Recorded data
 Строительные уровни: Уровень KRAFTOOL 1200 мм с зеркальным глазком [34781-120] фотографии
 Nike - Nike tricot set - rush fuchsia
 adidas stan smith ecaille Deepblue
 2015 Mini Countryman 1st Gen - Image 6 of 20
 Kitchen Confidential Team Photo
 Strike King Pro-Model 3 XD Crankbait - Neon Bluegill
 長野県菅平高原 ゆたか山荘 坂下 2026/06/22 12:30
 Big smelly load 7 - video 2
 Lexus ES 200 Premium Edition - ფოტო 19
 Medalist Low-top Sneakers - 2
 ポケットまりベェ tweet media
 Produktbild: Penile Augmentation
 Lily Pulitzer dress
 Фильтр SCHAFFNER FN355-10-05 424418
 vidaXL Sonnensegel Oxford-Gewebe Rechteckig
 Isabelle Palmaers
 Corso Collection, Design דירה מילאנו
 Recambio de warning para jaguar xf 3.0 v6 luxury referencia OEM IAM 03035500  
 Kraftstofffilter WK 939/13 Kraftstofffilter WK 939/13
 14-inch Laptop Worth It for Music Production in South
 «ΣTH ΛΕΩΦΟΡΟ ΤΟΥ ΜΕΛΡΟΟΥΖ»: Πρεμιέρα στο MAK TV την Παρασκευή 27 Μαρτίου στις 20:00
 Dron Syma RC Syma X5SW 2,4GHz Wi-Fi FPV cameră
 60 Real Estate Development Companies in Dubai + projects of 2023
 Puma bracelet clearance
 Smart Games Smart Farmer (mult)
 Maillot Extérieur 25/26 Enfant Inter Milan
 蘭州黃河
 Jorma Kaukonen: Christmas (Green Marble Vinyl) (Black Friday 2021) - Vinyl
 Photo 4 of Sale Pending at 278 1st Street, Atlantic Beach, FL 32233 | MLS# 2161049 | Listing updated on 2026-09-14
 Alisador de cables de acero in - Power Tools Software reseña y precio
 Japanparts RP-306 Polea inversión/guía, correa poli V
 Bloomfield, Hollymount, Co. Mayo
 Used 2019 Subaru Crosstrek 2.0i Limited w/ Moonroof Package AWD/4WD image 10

* _TRY IT_
Collect every line above that contains the word "Photo".

* _SOLUTION TO THIS EXERCISE_
 Kitchen Confidential Team Photo
 Photo 4 of Sale Pending at 278 1st Street, Atlantic Beach, FL 32233 | MLS# 2161049 | Listing updated on 2026-09-14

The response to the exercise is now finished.